The year 2012 brought a consistent, albeit mild, housing recovery with the nation originating 8.6 million loans last year as the delinquency rate declined 32% from the peak reached in 2010, according to Lender Processing Services.
LPS released its Mortgage Monitor report, noting that a late year drop in foreclosure starts caused the national foreclosure rate to fall 18% to 3.44% in 2012, the lowest reported LPS rate since the summer of 2009.
From a year earlier, the 2012 delinquency rate declined 9.1%, which is a better pace than in 2011 when delinquencies fell by only 6.9%.
But the big story is mortgage originations, LPS said.
“Though still a long way off from the historic level of originations that preceded the mortgage crisis, 2012 was the strongest full year of originations we’ve seen since 2007,” said Herb Blecher, senior vice president of LPS Applied Analytics. “Volumes were up approximately 34% year over year, with about 8.6 million new loans originated.
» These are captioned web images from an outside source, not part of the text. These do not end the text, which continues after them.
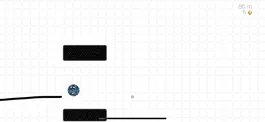 Game screenshot Sketch Ball - Draw the line mod apk
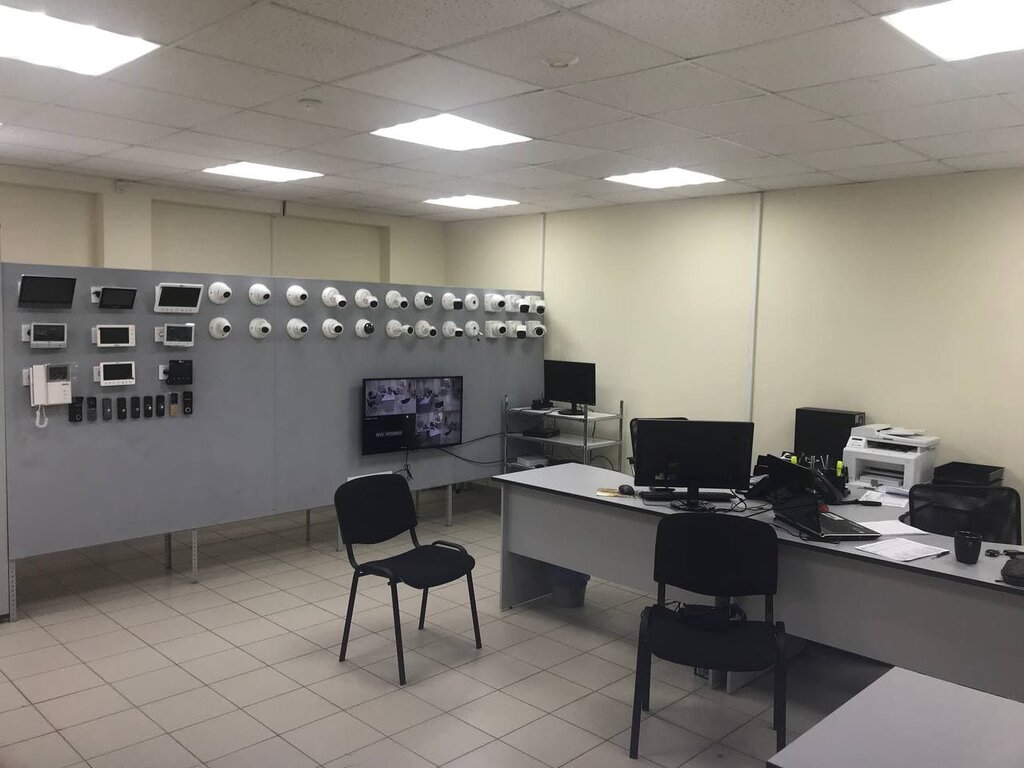 Security and alarm systems Arsenal Sb, Surgut, photo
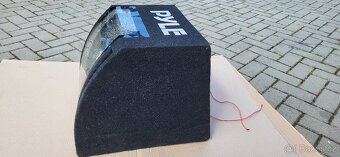 Subwoofer - 2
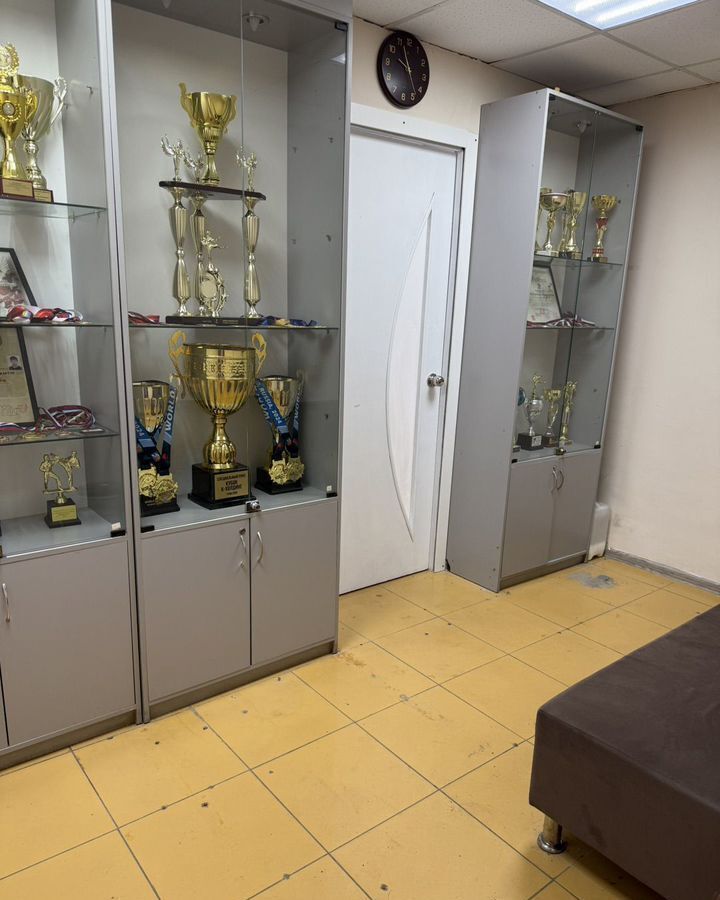 свободного назначения г Тула р-н Пролетарский ул Кутузова 108в фото 8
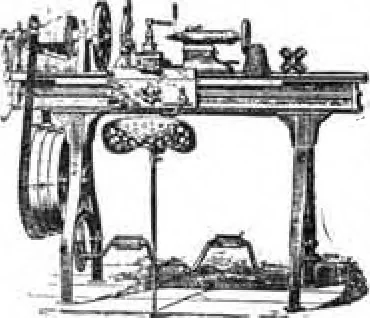 An illustration from Scientific American, Vol. 82, No. 10 (March 1900), 1900, leaf 12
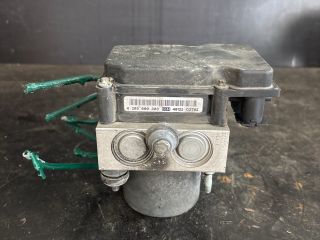 bontott OPEL CORSA C ABS Kocka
And, while the majority of these new loans were government-backed – 84 percent in 2012 as compared to just over 50 percent at the peak – the trend over the last four years does suggest a slowly resurgent non-agency lending market.”
Meanwhile, negative equity in the U.S. declined by 35% from January 2012 through the end of the year, giving four million borrowers who were once locked out of traditional refinancing models a chance to qualify for conforming refi thresholds as their home values appreciated.
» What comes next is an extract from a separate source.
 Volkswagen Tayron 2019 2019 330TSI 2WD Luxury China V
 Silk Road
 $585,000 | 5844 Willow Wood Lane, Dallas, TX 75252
Another 3.4 million homeowners are on the cusp of moving to a healthier LTV threshold, where they can more easily qualify for refinancing.
Originations picked up dramatically during the year, with activity levels expanding the most since 2007, which was right before the mortgage market meltdown.
About 2.6 million borrowers are now eligible for HARP refinancings, LPS said. And high LTV originations picked up after March 2012, with the volume averaging about 160,000 loans per month.
The total U.S. loan delinquency rate stands at 7.17%, according to the LPS report. The states with the most non-current loans include Florida, Mississippi, New Jersey, Nevada and New York.
To obtain this information, LPS analyzed performance information on 40 million loans within its repository of loan-level data.